● Instructions for the task
Word for word, restate the lines of the data below between those holding "Large yellow dump" and "Yuvarlak mooncake dolu", inclusive; pictures do not belong in the copy.

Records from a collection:
------------------------------------------------

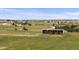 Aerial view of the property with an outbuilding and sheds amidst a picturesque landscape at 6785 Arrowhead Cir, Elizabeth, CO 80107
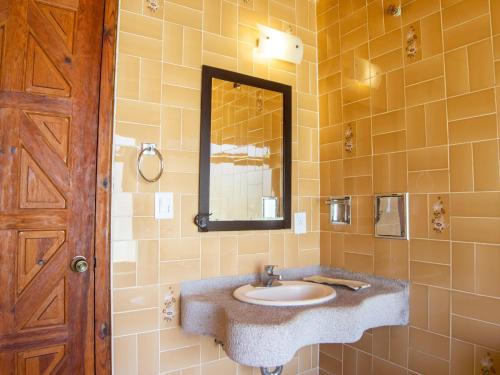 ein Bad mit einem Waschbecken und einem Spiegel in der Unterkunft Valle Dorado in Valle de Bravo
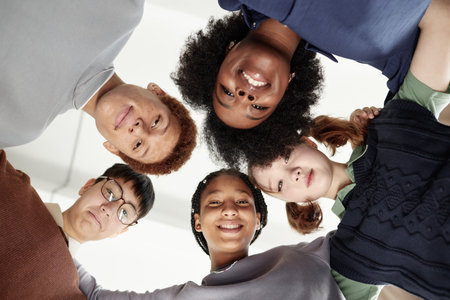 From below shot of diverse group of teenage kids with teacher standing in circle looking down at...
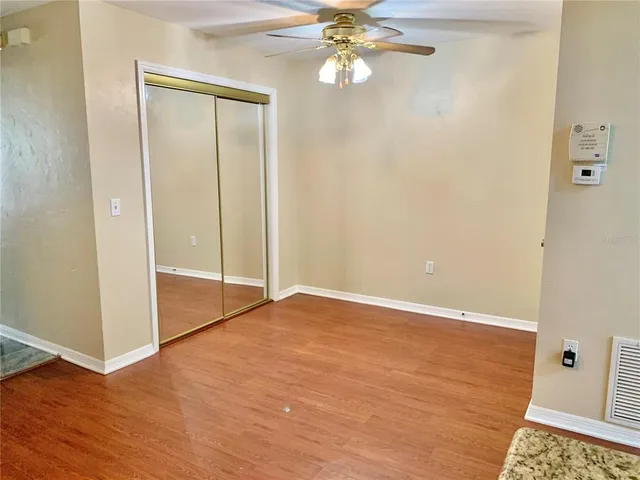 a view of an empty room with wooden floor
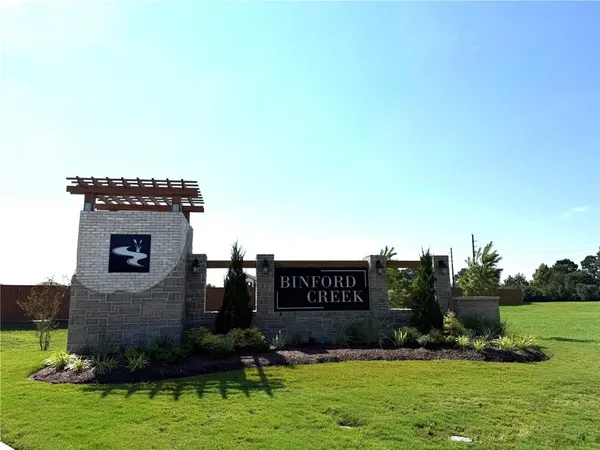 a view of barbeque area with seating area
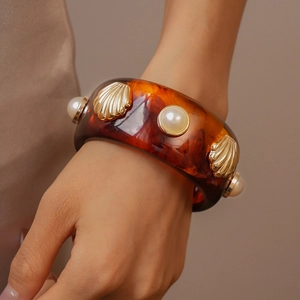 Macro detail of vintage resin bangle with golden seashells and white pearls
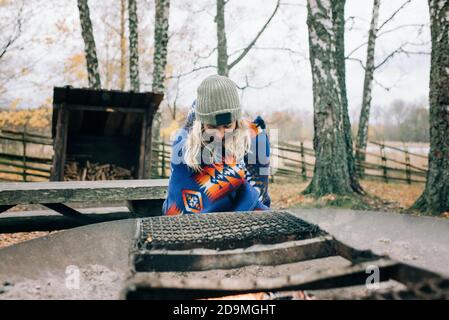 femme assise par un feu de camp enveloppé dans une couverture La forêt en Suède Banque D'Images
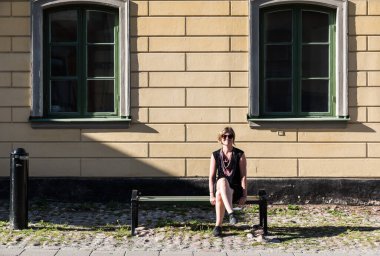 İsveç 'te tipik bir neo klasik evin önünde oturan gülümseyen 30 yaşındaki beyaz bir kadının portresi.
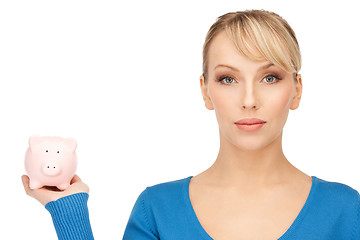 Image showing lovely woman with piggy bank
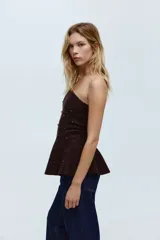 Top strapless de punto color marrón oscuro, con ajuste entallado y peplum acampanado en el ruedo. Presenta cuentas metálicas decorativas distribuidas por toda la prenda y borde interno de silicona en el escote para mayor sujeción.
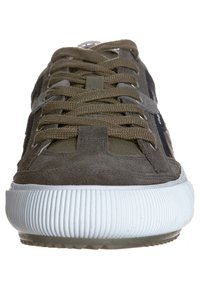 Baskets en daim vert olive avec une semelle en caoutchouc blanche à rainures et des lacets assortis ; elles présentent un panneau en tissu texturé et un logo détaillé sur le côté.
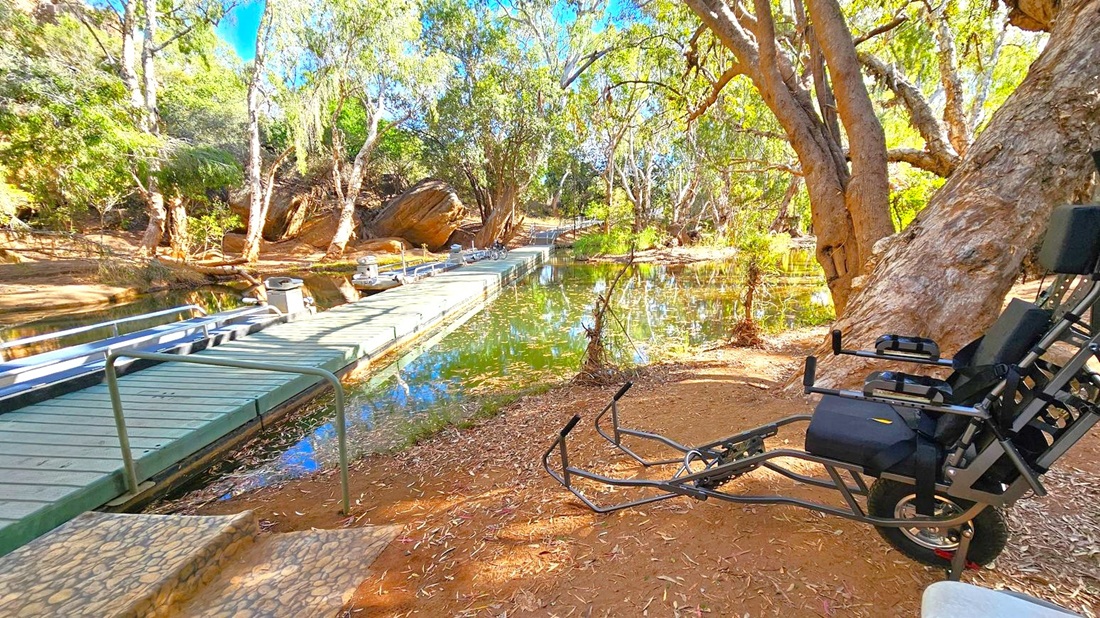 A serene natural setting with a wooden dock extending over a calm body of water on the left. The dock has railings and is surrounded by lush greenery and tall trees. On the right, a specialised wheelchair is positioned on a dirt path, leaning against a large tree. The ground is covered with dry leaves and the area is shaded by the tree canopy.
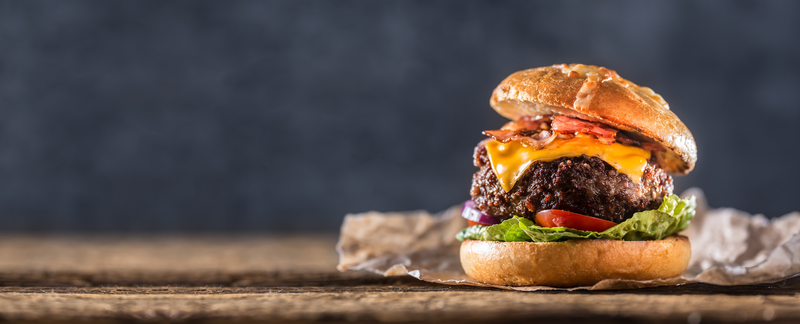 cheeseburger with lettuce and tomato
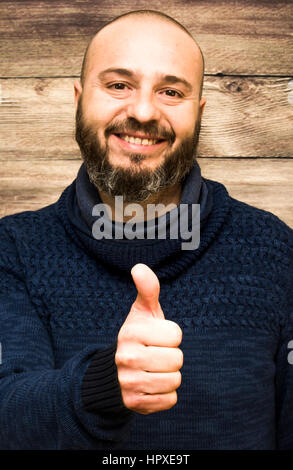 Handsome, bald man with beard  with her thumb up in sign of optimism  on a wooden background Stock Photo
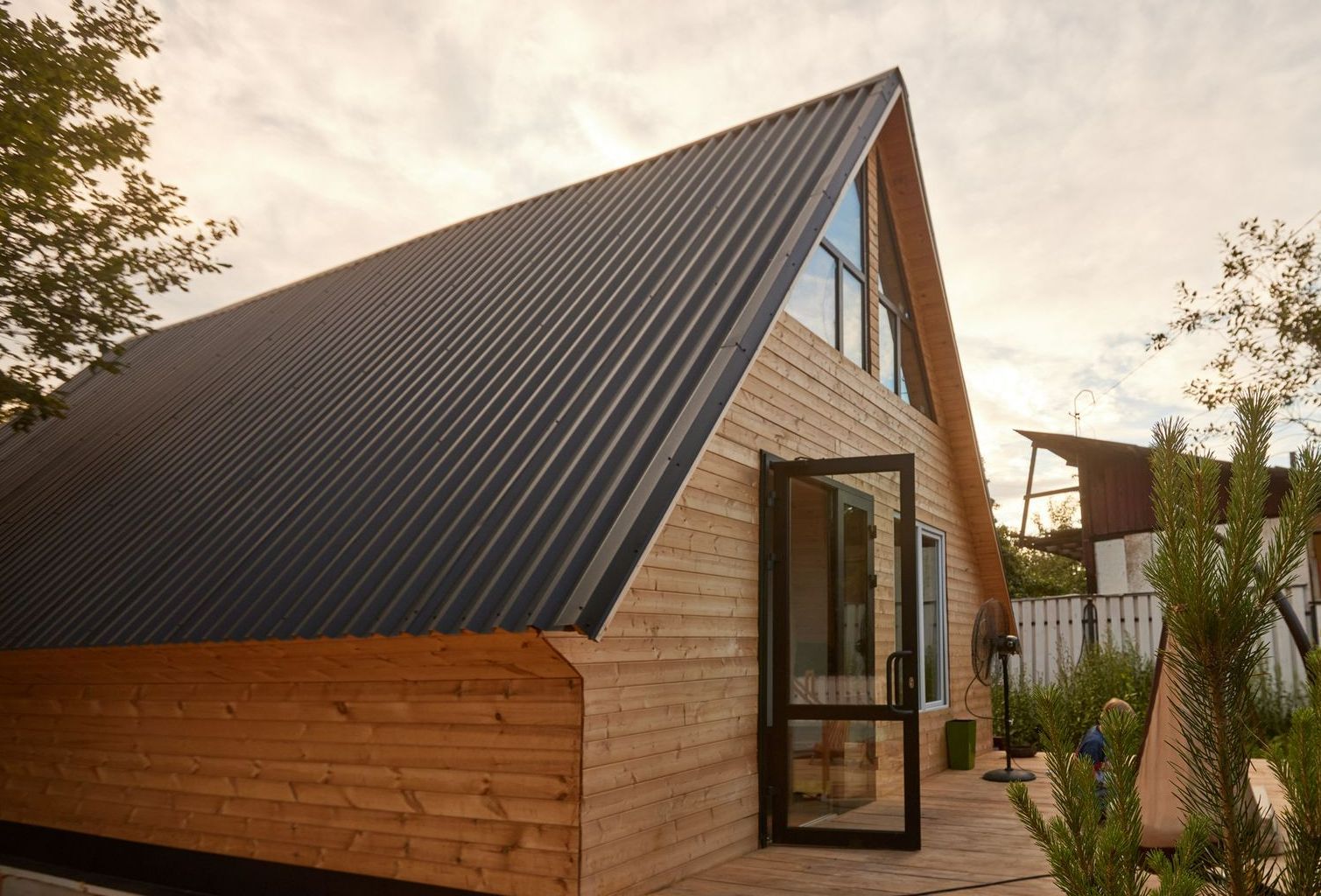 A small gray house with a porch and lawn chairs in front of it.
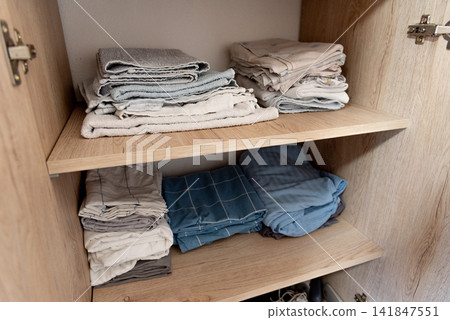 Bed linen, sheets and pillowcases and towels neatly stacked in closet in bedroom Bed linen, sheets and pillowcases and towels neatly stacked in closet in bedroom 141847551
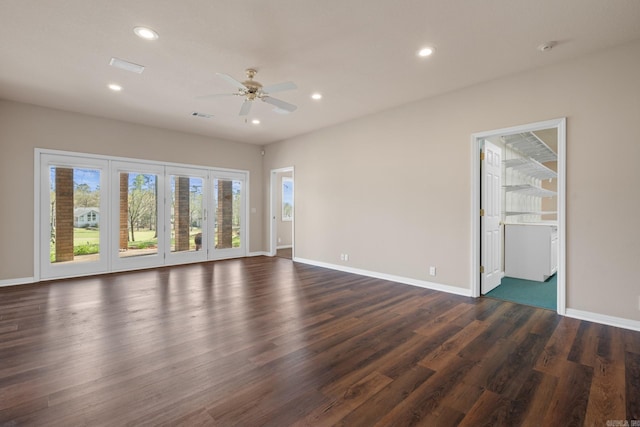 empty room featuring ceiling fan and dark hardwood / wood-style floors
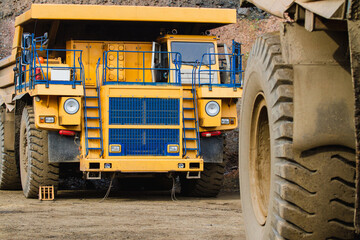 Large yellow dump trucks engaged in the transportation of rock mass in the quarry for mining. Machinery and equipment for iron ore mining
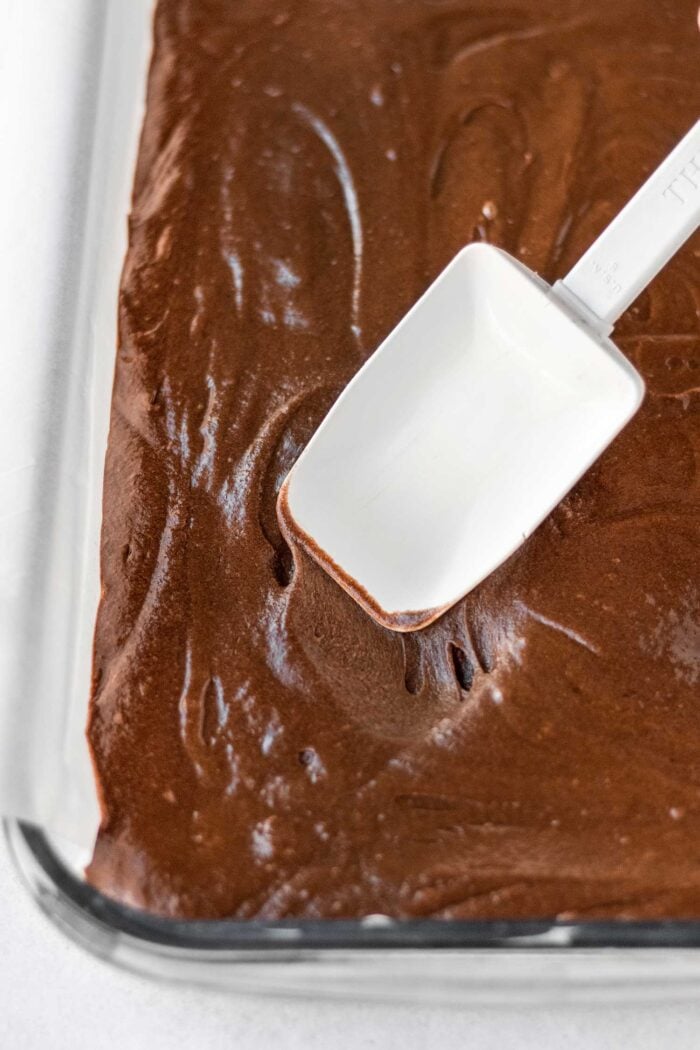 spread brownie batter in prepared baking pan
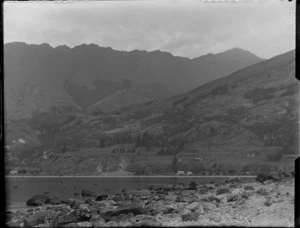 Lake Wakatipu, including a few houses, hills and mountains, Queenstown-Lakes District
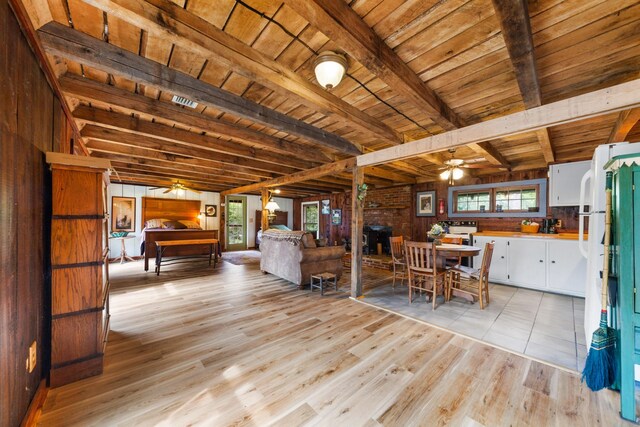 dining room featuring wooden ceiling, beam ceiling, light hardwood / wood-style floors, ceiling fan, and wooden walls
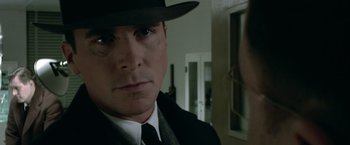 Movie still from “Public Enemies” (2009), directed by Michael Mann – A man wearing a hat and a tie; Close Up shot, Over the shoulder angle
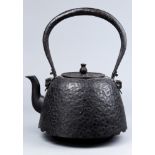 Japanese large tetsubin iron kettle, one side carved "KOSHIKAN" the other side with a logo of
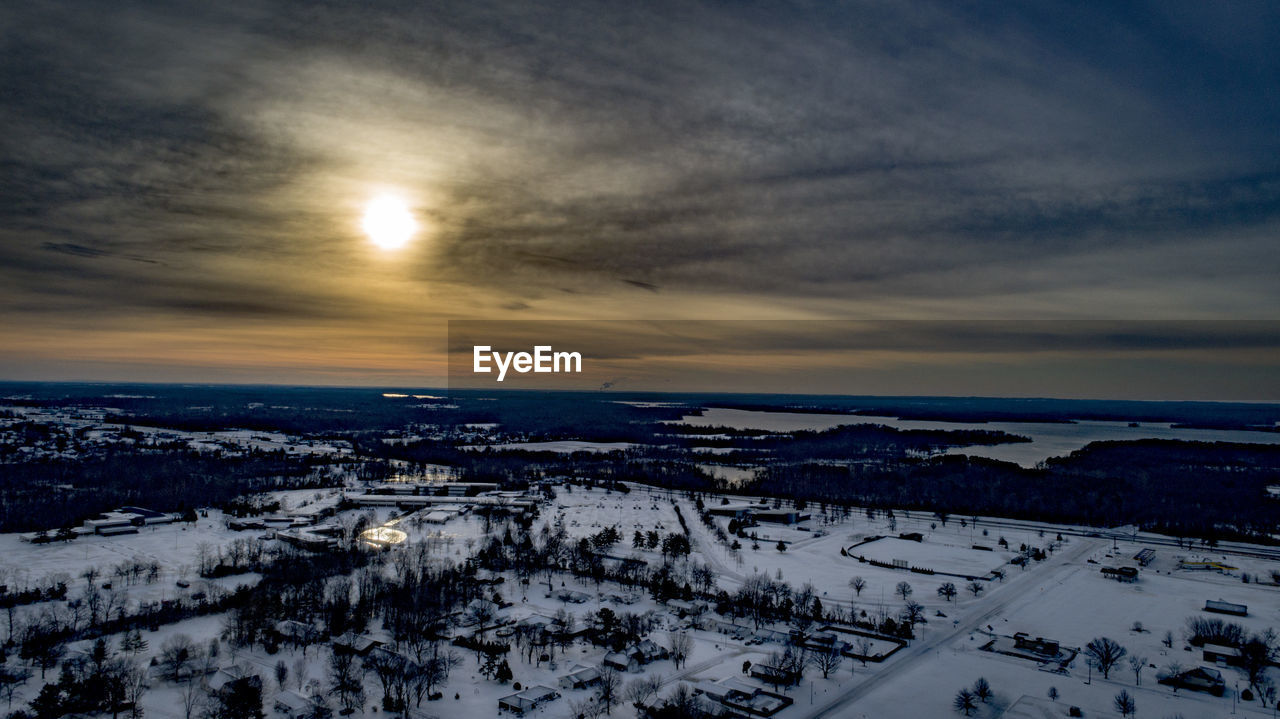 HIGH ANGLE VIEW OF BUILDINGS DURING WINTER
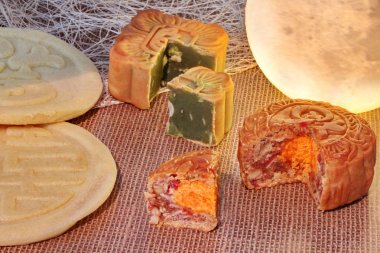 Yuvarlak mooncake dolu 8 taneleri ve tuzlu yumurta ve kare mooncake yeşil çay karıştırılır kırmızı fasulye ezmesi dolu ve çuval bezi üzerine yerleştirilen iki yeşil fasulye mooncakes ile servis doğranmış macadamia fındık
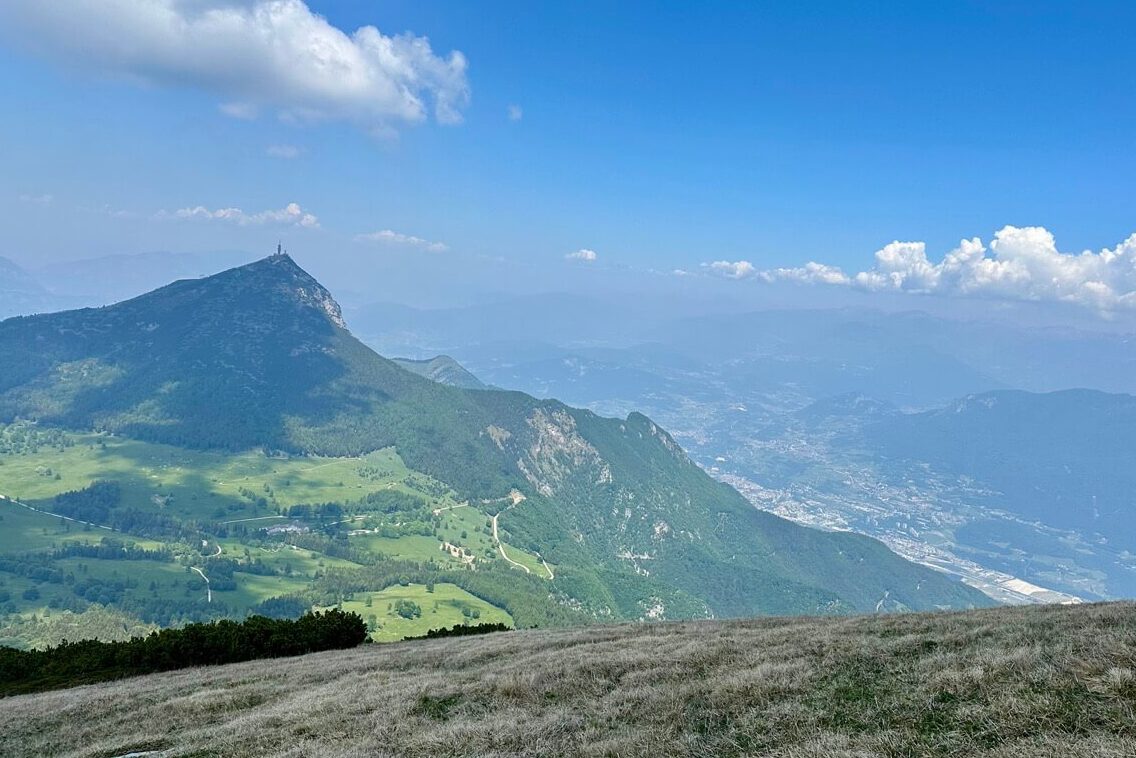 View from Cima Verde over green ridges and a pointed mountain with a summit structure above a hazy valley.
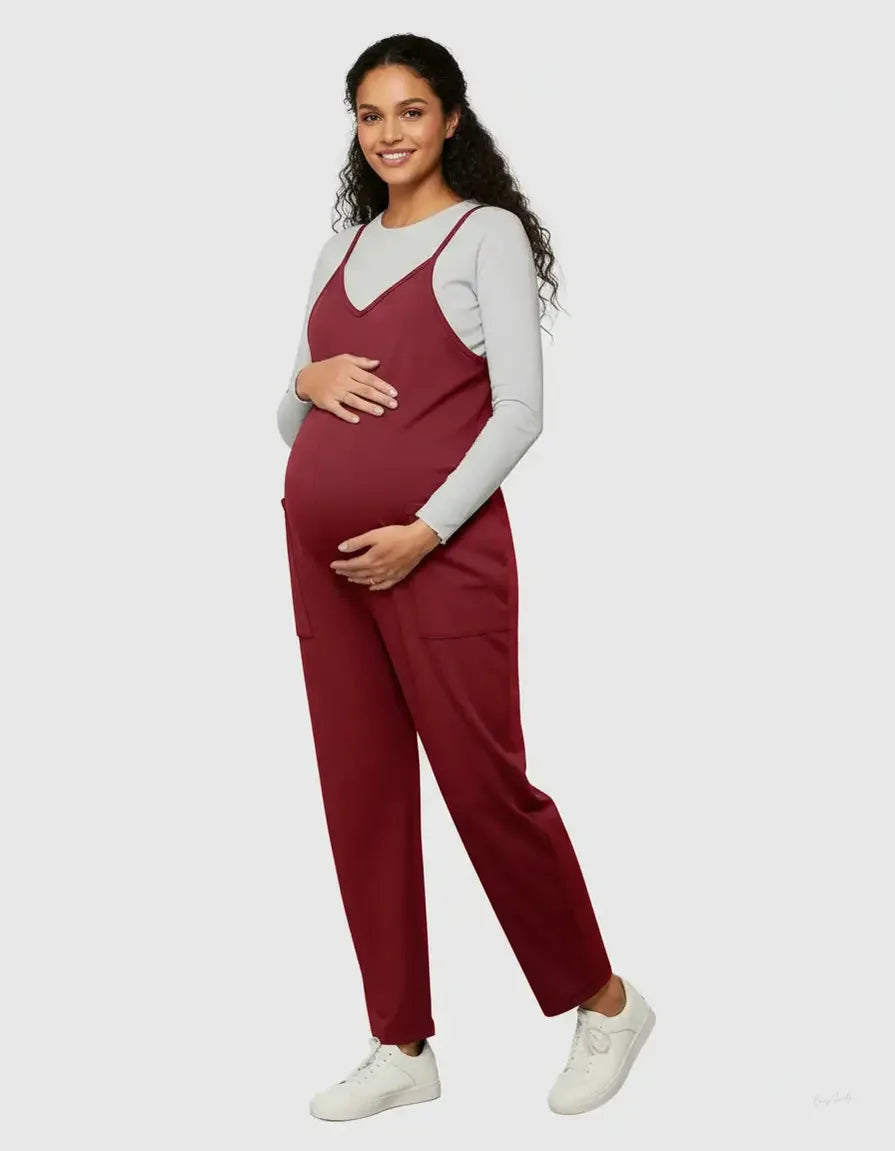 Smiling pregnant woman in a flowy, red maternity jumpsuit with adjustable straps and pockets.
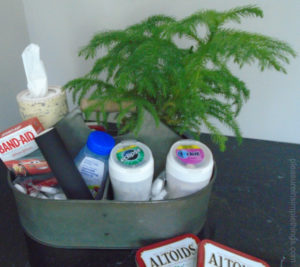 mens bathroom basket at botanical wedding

------------------------------------------------

● Task answer
 Large yellow dump trucks engaged in the transportation of rock mass in the quarry for mining. Machinery and equipment for iron ore mining
 spread brownie batter in prepared baking pan
 Lake Wakatipu, including a few houses, hills and mountains, Queenstown-Lakes District
 dining room featuring wooden ceiling, beam ceiling, light hardwood / wood-style floors, ceiling fan, and wooden walls
 Movie still from “Public Enemies” (2009), directed by Michael Mann – A man wearing a hat and a tie; Close Up shot, Over the shoulder angle
 Japanese large tetsubin iron kettle, one side carved "KOSHIKAN" the other side with a logo of
 HIGH ANGLE VIEW OF BUILDINGS DURING WINTER
 Yuvarlak mooncake dolu 8 taneleri ve tuzlu yumurta ve kare mooncake yeşil çay karıştırılır kırmızı fasulye ezmesi dolu ve çuval bezi üzerine yerleştirilen iki yeşil fasulye mooncakes ile servis doğranmış macadamia fındık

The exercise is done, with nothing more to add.